→ **To do**
An exact copy of every record, without the pictures, is what should come back.

━━━ Available data ━━━

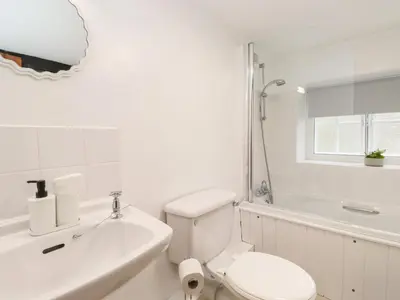 a white bathroom with a toilet and a sink at One Side House Farm in Ambleside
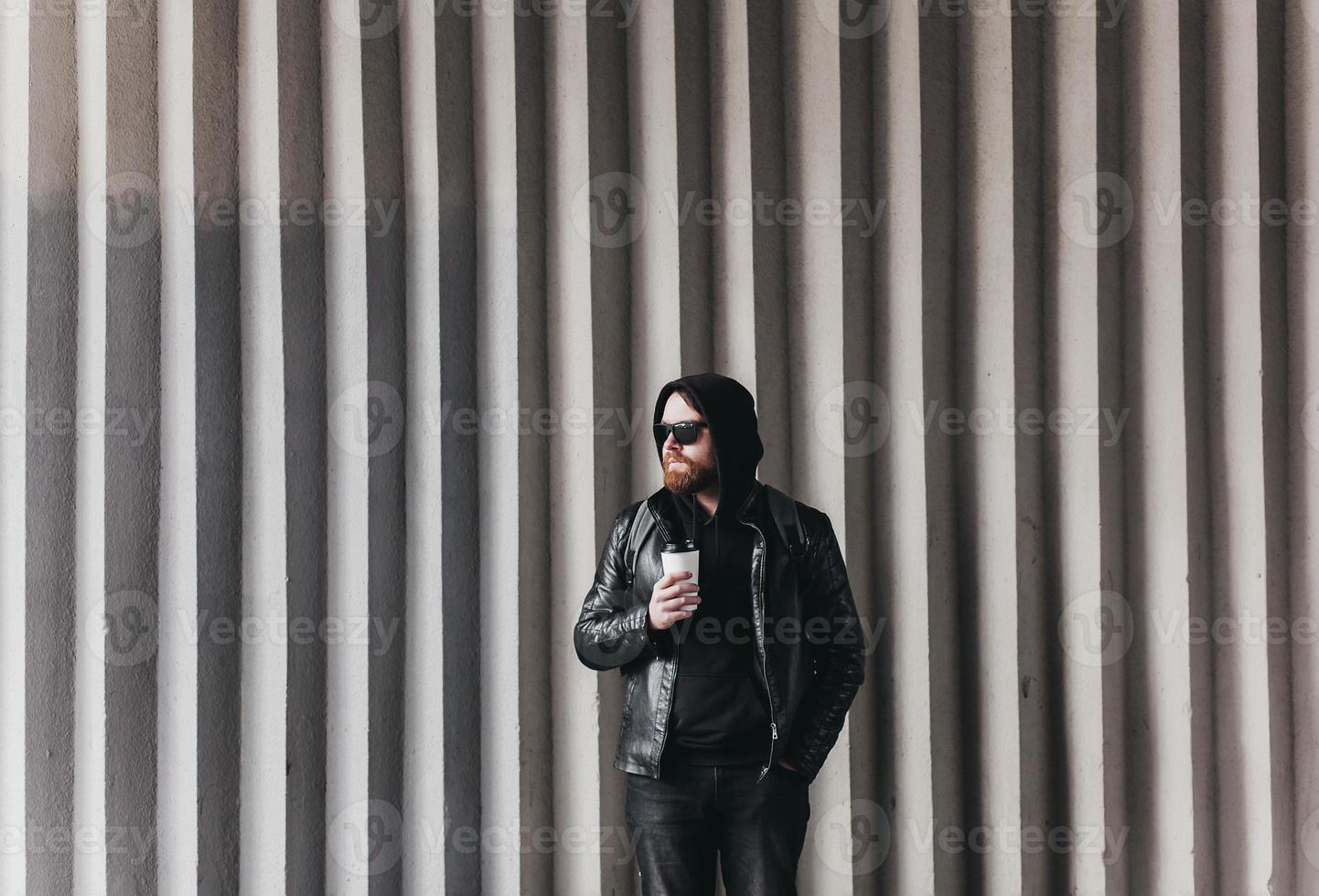 hipster man in sunglasses holding coffee photo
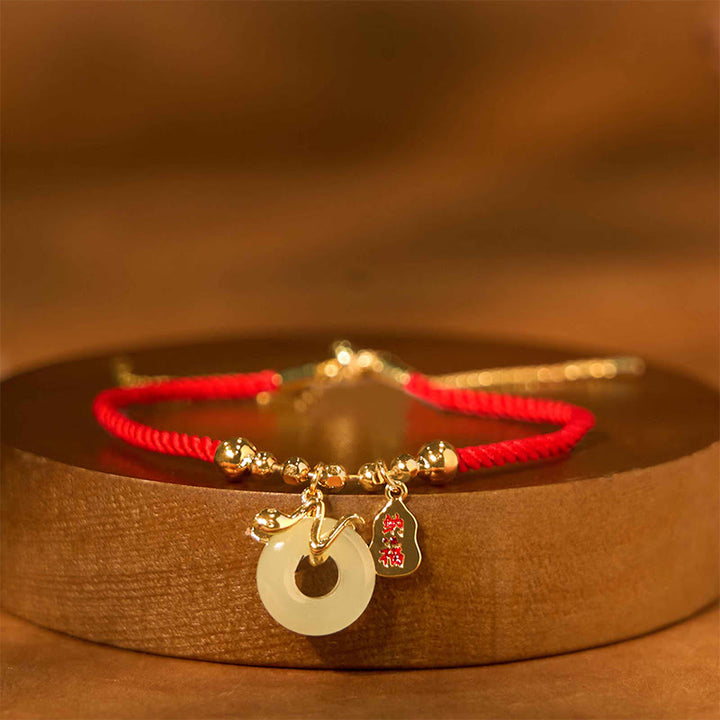 Buddha Stones , Kupfer, vergoldet, Jade, Friedensschnalle, Fu-Charakter, Jahr der Schlange, rote Schnur, Glücksarmband - Rotes Armband mit Friedensschnalle (Handgelenkumfang: 14-17 cm) - image 0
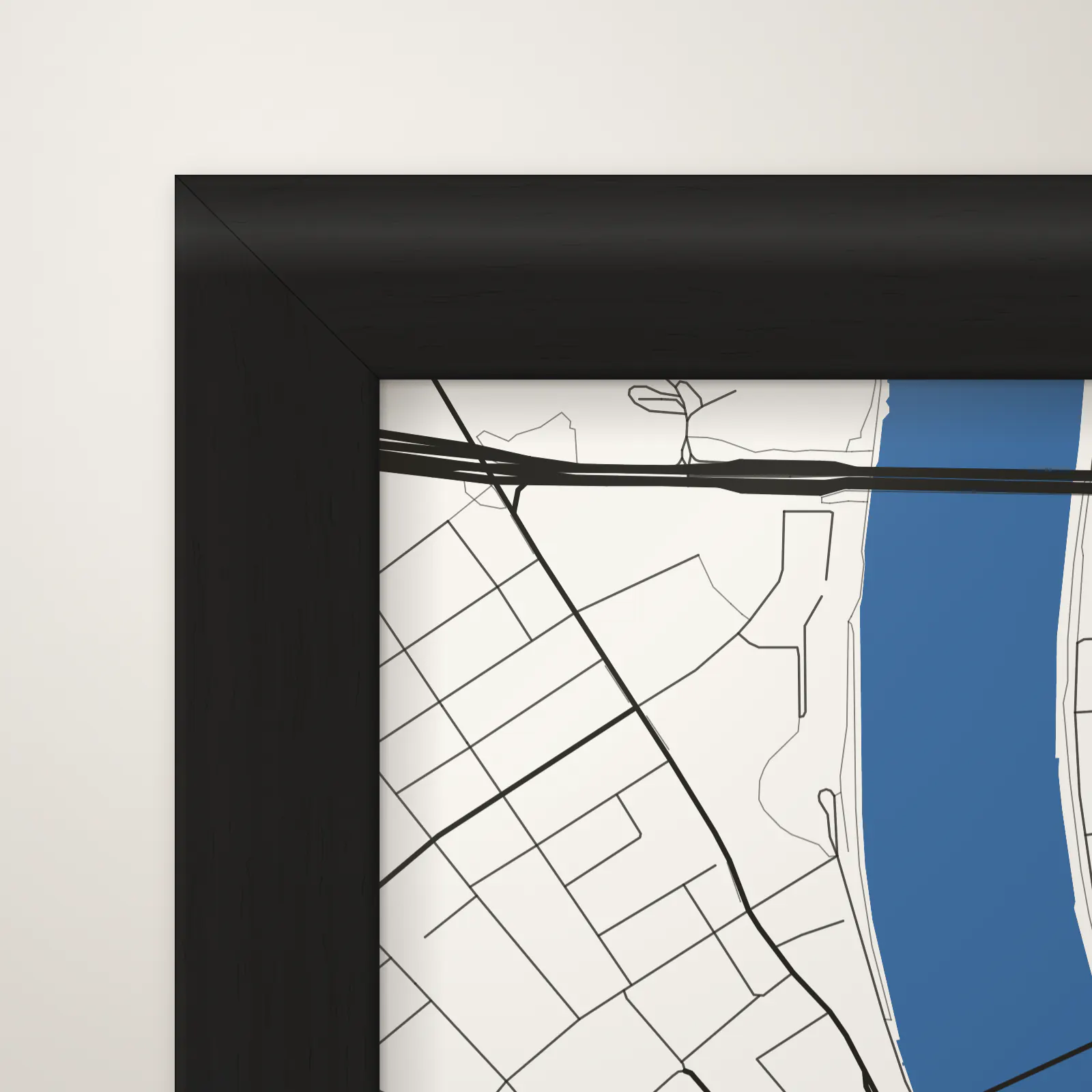 Nahaufnahme: Ecke eines Basel-Posters im Rahmen Schwarz (Erlenholz, schwarz), mit Acrylglas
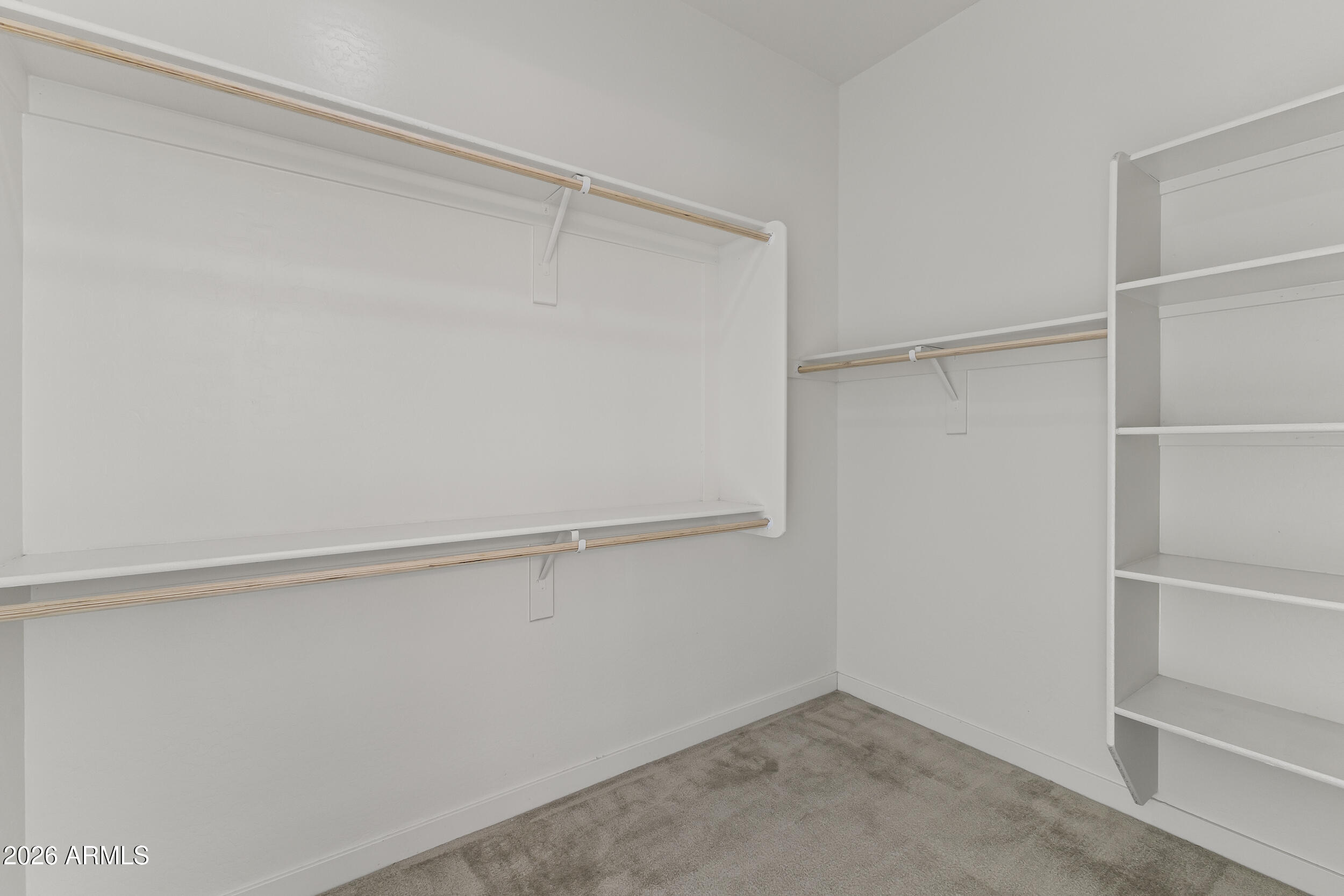 5255 North Ginning Road Litchfield Park, AZ 85340 - Photo 34 of 60 a view of an empty walk in closet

━━━

→ **Answer space**
 a white bathroom with a toilet and a sink at One Side House Farm in Ambleside
 hipster man in sunglasses holding coffee photo
 Buddha Stones , Kupfer, vergoldet, Jade, Friedensschnalle, Fu-Charakter, Jahr der Schlange, rote Schnur, Glücksarmband - Rotes Armband mit Friedensschnalle (Handgelenkumfang: 14-17 cm) - image 0
 Nahaufnahme: Ecke eines Basel-Posters im Rahmen Schwarz (Erlenholz, schwarz), mit Acrylglas
 5255 North Ginning Road Litchfield Park, AZ 85340 - Photo 34 of 60 a view of an empty walk in closet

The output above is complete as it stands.